# [SOLVED] Xen - Missing cpu flags (including vmx - grrr)

## actionbuddha

Hello,

On a new(ish) Core 2 Duo machine, with Gentoo Sources 2.6.24, I get the following flags when showing cat /proc/cpuinfo:

fpu vme de pse tsc msr pae mce cx8 apic sep mtrr pge mca

cmov pat pse36 clflush dts acpi mmx fxsr sse sse2 ss ht tm pbe syscall nx

lm constant_tsc arch_perfmon pebs bts rep_good pni monitor ds_cpl vmx est

on the same machine with xen-sources 2.26.21, I get the following:

fpu de tsc msr pae cx8 apic sep mtrr cmov pat clflush

acpi mmx fxsr sse sse2 ss ht syscall nx lm constant_tsc pni ssse3 cx16

Note missing vmx flag, which is needed for Xen to run unmodified guest operating systems. Any ideas why the flag might be missing? Trying to start a guest using the hvm kernel gives:

Error: HVM guest support is unavailable: is VT/AMD-V supported by your CPU and enabled in your BIOS?

Are there specific config options I could check for and may have missed? Any and all help appreciated, this is driving me mad :)

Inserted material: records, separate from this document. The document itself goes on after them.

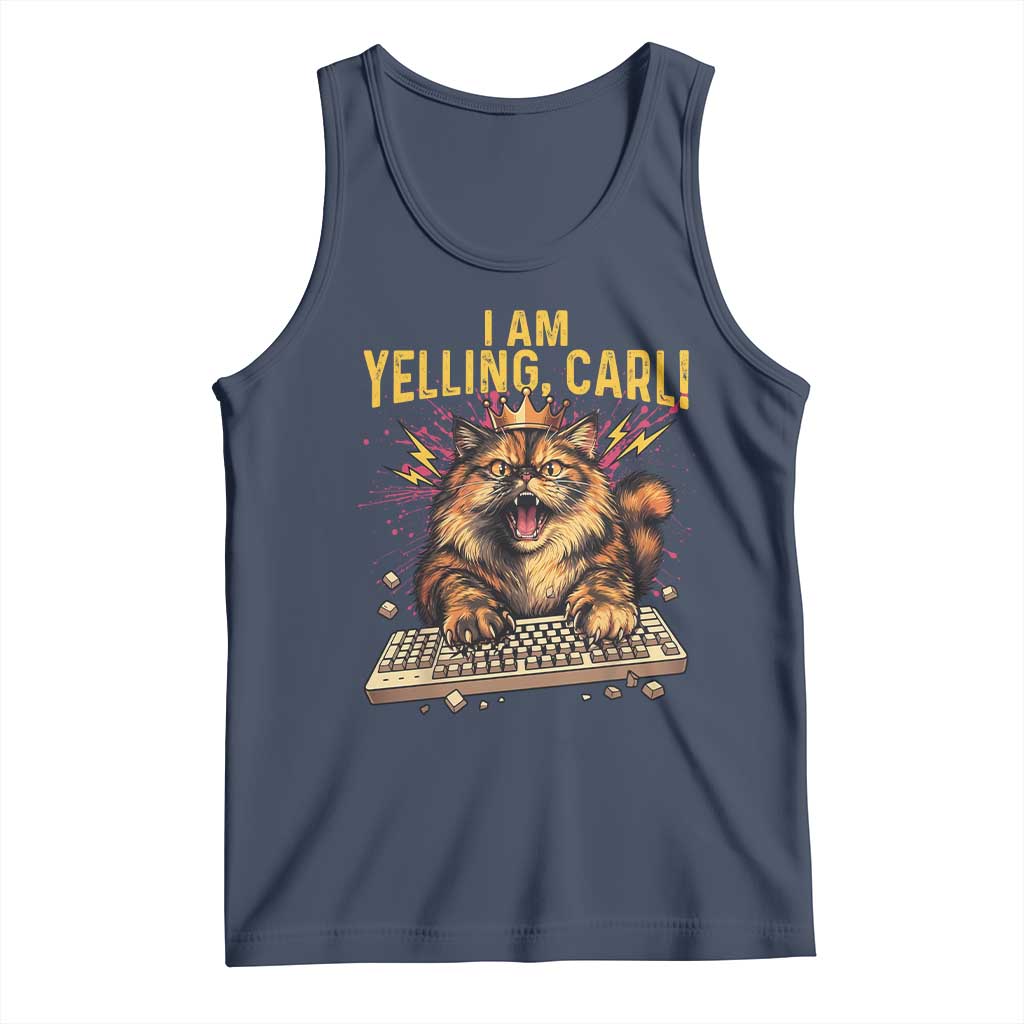 I Am Yelling Carl Graphic Tank Top Funny Angry Cat Typing Keyboard Comic Retro TS02 Navy Print Your Wear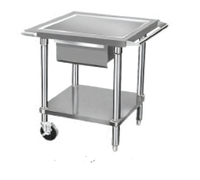 Advance Tabco Mobile Mixer Equipment Table with Stainless Steel Top and Galvanized Base, 30 x 24 x 28 Inches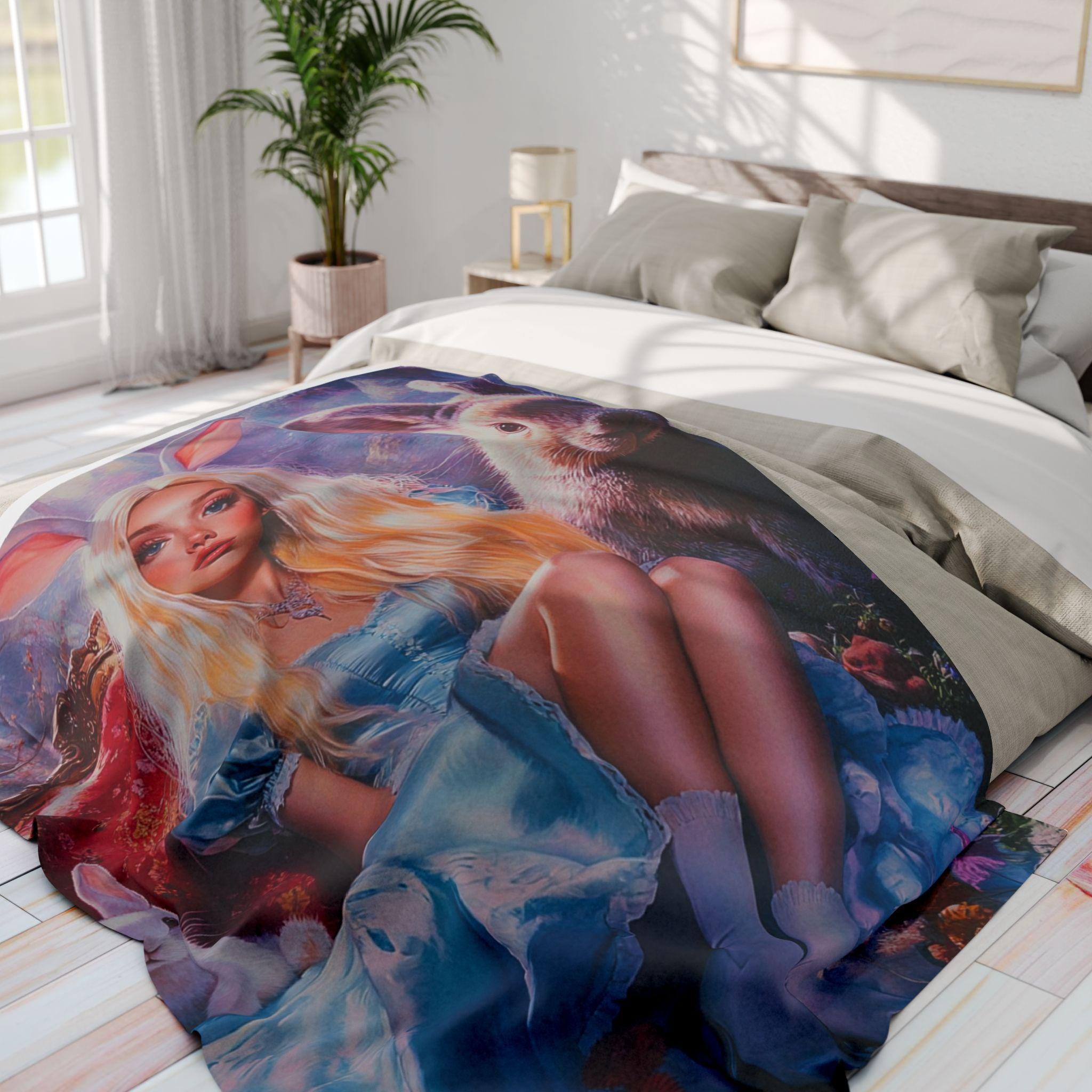Whimsical Fairy Tale Fleece Blanket: Cozy Arctic Decor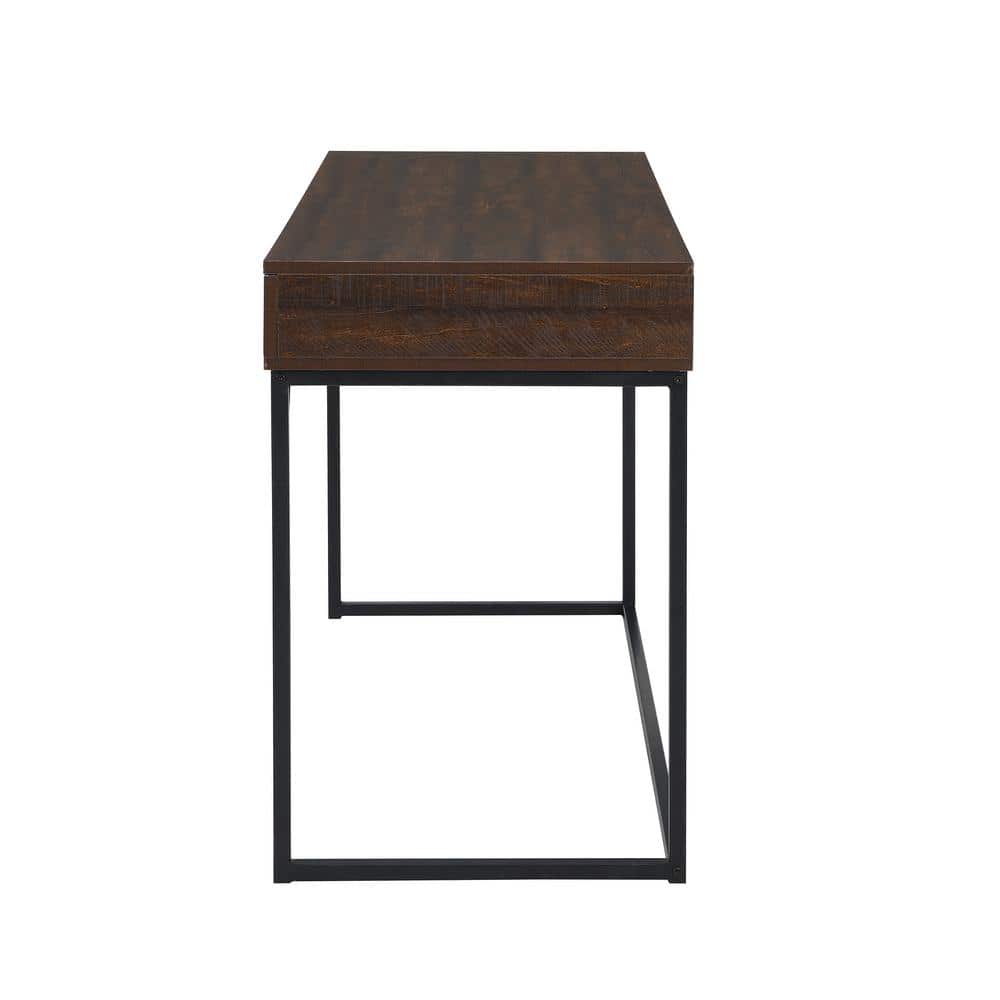 Elm and Black Wood Computer Desk with Drawers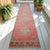 Vintage Turkish Runner Rug Hand-Knotted Coral Pink Hallway Runner Authentic Oushak Rug 3x13 Ft Approx For Sale - Image 4 of 13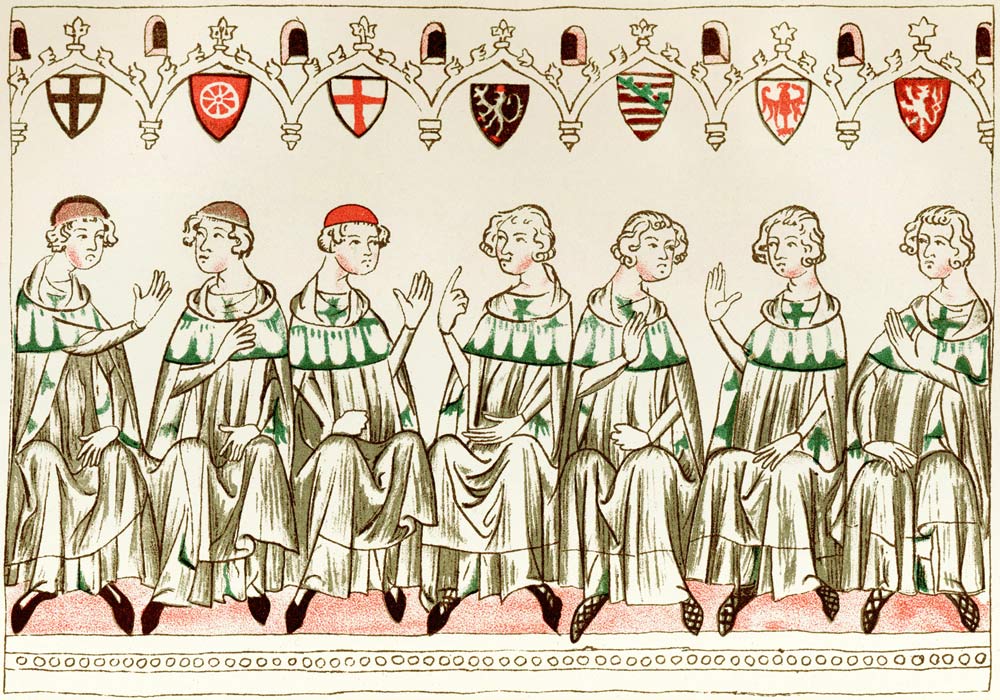 Seven Prince Electors voting for Henry VII, Holy Roman Emperor (Copy of a miniature from the Balduin from Unbekannter Künstler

PaulLast edited by actionbuddha on Fri May 23, 2008 9:37 pm; edited 1 time in total

----------

## actionbuddha

Well, don't I feel like an idiot. VT was disabled in the BIOS, under an obscure 'OS Security' menu option. I was thrown off the scent because of the difference in cpu flags shown under stock linux vs. linux running as dom0 under Xen. Apparently Xen isolates some of the machine capabilities from even dom0. For anybody having similar troubles - xm dmesg | grep -i vmx will show you definitely whether VMX has been picked up or not. You're looking for:

(XEN) HVM: VMX enabled

Best Wishes,

Paul

p.s. excuse my ignorance, but how can I mark this as [SOLVED]?[/topic]

----------

## bunder

 *actionbuddha wrote:*   

> p.s. excuse my ignorance, but how can I mark this as [SOLVED]?

 

hit the edit button on your first posting and update the subject, hit submit... mind you this is totally optional.

cheers

----------